A veces uno esta tentado a pensar que este Alsogaray es la oveja negra de la familia, pero rápidamente ese pensamiento queda pulverizado cuando arriban a la memoria las imágenes de Maria Julia, su hija, como vimos, sin ir más lejos. O de Alvarito, su hijo, un simulcop sin las luces de su padre.

¿Por qué afirmo esto? Porque en esta familia de prosapia y linaje, también hubo, hay, patriotas. Veamos: el bisabuelo del capitán ingeniero, Álvaro José (1811/1879), fue secretario del Almirante Brown, guerrero de la campaña contra el Brasil y defensor de la Vuelta de Obligado ante el avance prepotente de franceses e ingleses, las dos potencias de la época.

También Alsogaray tiene dos sobrinos, hijos de Julio Rodolfo (su hermano), general que llegó a ser comandante del Primer Cuerpo de Ejército y que desde ese cargo intimó a Illia para que abandone la primera magistratura en 1966.

Bueno, decía de sus sobrinos. Uno Juan Carlos (El Hippie) murió como militante peronista y montonero combatiendo al ejército de ocupación en Tucumán, el 23 de febrero de 1976.

Su hermano, Julio, militante de la misma organización, debió autoexiliarse para salvar su vida y de él voy a contar algo que seguramente no hubiera querido que se sepa, por su modestia y su nobleza innata.

Julio estaba en la parte de finanzas de Montoneros y en un momento, cercado, perseguido, escondido, tenía consigo una suma muy importante de dinero que era de la organización, su ámbito estaba diezmado, hubiera sido muy fácil “guardarse ese vuelto”, nadie se hubiera enterado, pero en cambio la contabilizó, la preservó, la escondió, inclusive llegó a dormir con ella debajo de su cama y cuando las cosas se normalizaron un poco, entregó la totalidad de la suma a sus superiores en la orga, sin que faltara ni un solo centavo.

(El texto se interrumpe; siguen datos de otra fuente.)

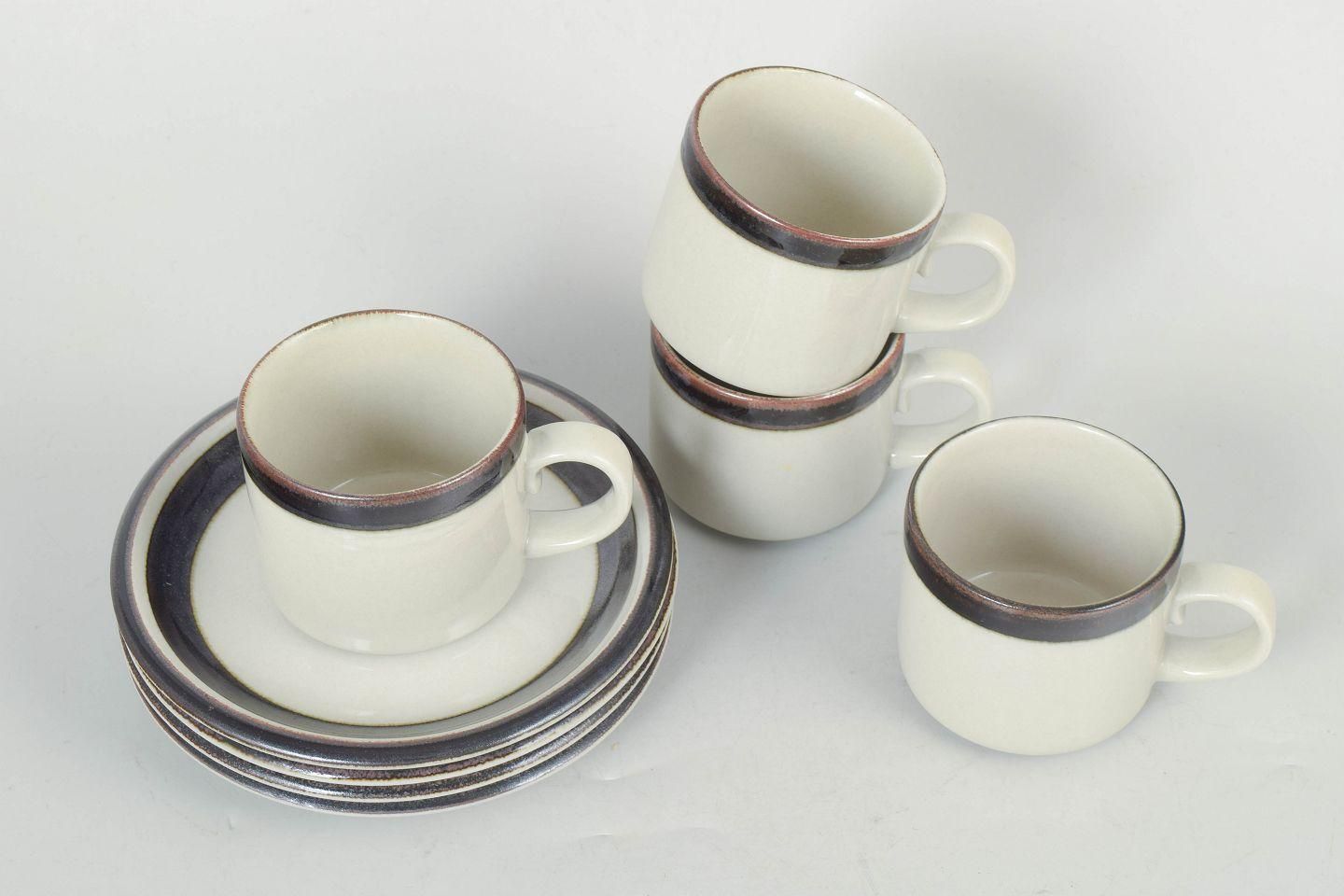 Lot de quatre tasses à thé et soucoupes en grès, Arabia, série Karelia, années 1970 photo furniture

Por eso, teniendo estos ejemplos en la familia, Don Alvaro eligió el camino equivocado. Y como diría “Antídoto” (un compañero que escribía con ese seudónimo) en Patria Grande N° 1 de julio-agosto de 1968: “Alsogaray es el prototipo y el representante de ese sector de la burguesía argentina cuya actividad es la especulación, cuyo cerebro reside en los bolsillos y cuyo patriotismo se asila en algún banco suizo (...) Si cuando muere un gran hombre se iza la bandera a media asta, habrá que inventar un mástil y medio para que los colores argentinos flameen bien alto el día que muera Alvaro Alsogaray”.

(*) Cipayo: Soldado indio al servicio de una potencia europea. Así gustaba llamar Perón a los vendepatria. 

Título: Radiografría de un cipayo

Fuente: http://www.robertobaschetti.com/pdf/alsogaray.pdf

Fecha: Julio de 2001

NdE: Alvaro Alsogaray murió el 1 de abril de 2005, a los 92 años. Su hija María Julia murió el 24 de septiembre de 2017, a los 75 años. Por corrupción comprobada en ejercicio de sus funciones públicas en el gobierno de Carlos Menem (1989/1999), fue condenada en 2004, 2013 y 2014 en tres juicios con once años de cárcel en total.  Pasó 22 meses en una prisión común y otros 18 con arresto domiciliario. Perdió su casona en Recoleta y por estafa al fisco fue obligada a pagar cerca de un millón de dólares.